#### [What you will do]
Drop the images; return everything else in the listing below exactly.

#### [Data shown]
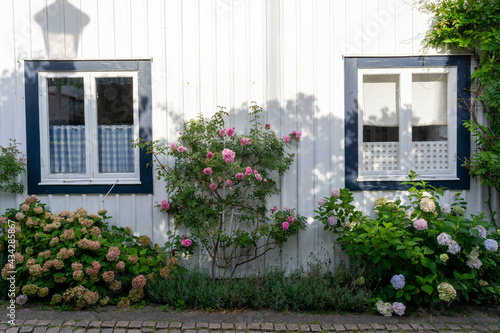 Swedish Window Dressing © Henrie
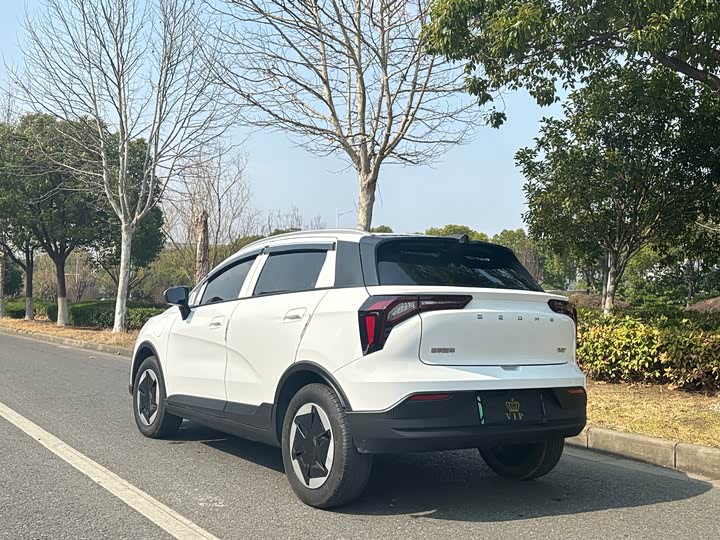 Geely Geometry E Firefly 2024 2024款 301km 星光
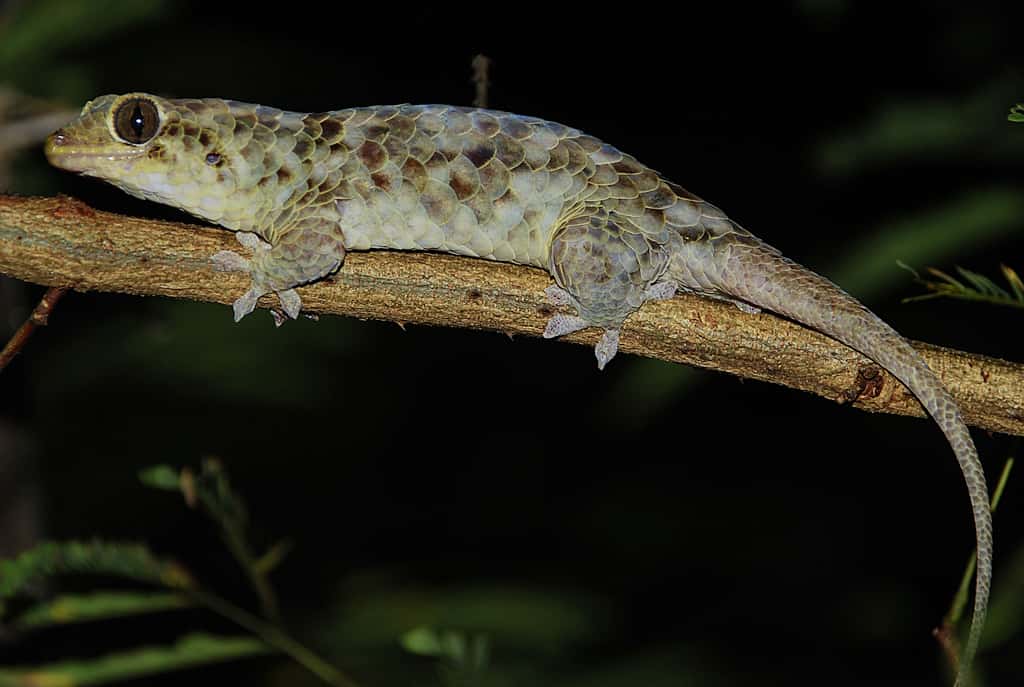 Pour échapper à un prédateur, <em>Geckolepis megalepis</em> est capable de se défaire très rapidement d’écailles particulièrement grandes pour sa taille. © Scherz MD, Daza JD, Köhler J, Vences M, Glaw F, Wikipédia, CC by-sa 4.0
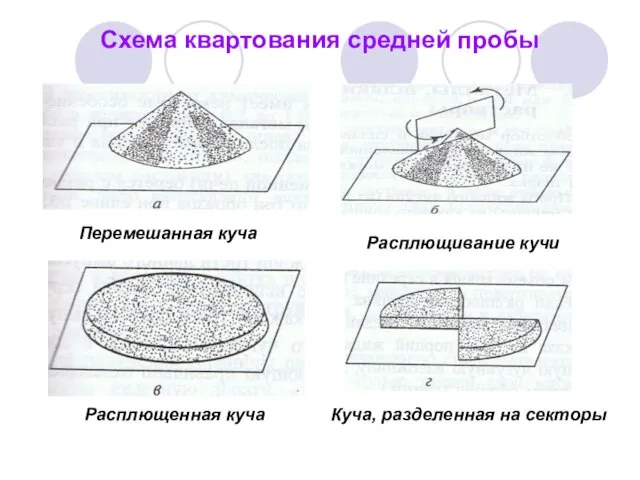 Схема квартования средней пробы Перемешанная куча Расплющивание кучи Расплющенная куча Куча, разделенная на секторы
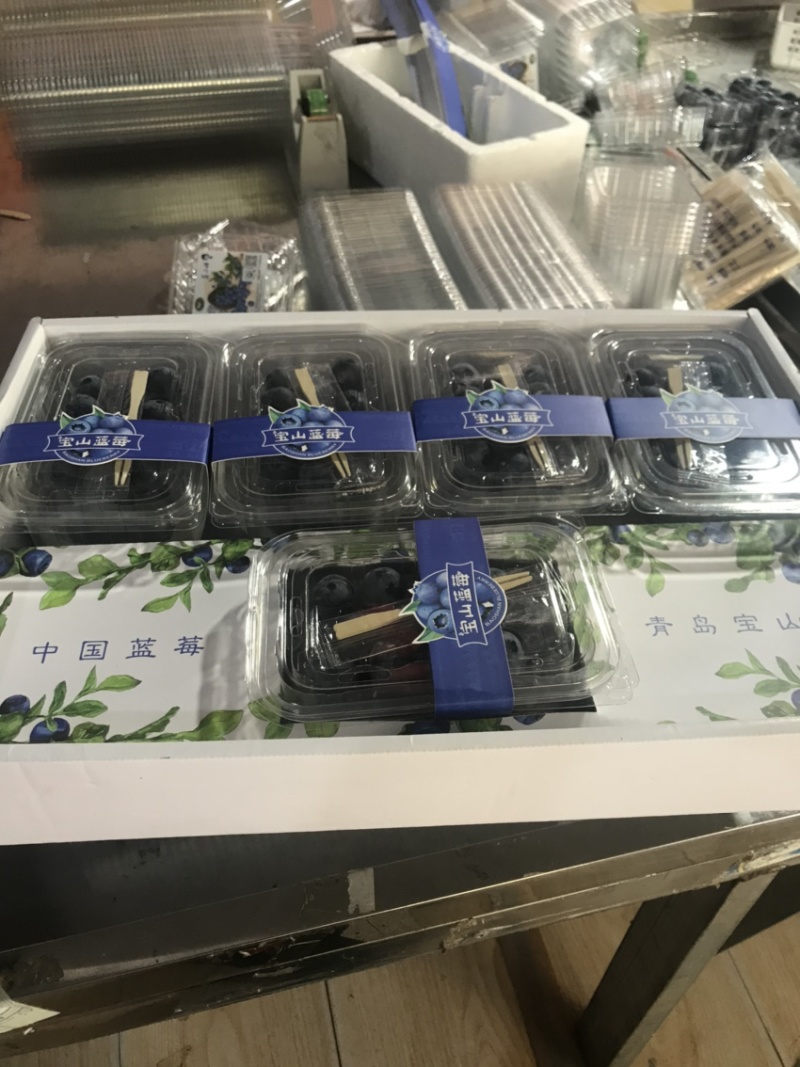 蓝莓熟了，蓝莓熟了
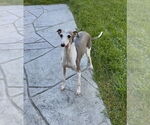 Small #10 Italian Greyhound Mix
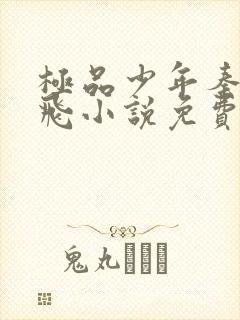 极品少年秦姨小飞小说免费阅读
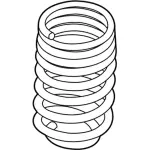 Coil Spring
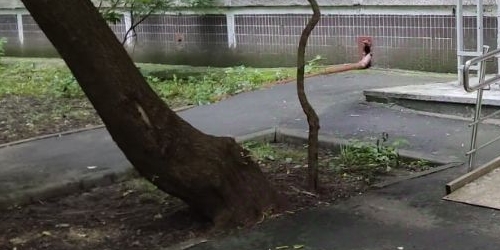 3-комн квартира улица 26 Бакинских Комиссаров, 3к1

#### [Solution]
 Swedish Window Dressing © Henrie
 Geely Geometry E Firefly 2024 2024款 301km 星光
 Pour échapper à un prédateur, <em>Geckolepis megalepis</em> est capable de se défaire très rapidement d’écailles particulièrement grandes pour sa taille. © Scherz MD, Daza JD, Köhler J, Vences M, Glaw F, Wikipédia, CC by-sa 4.0
 Схема квартования средней пробы Перемешанная куча Расплющивание кучи Расплющенная куча Куча, разделенная на секторы
 蓝莓熟了，蓝莓熟了
 Small #10 Italian Greyhound Mix
 极品少年秦姨小飞小说免费阅读
 Coil Spring
 3-комн квартира улица 26 Бакинских Комиссаров, 3к1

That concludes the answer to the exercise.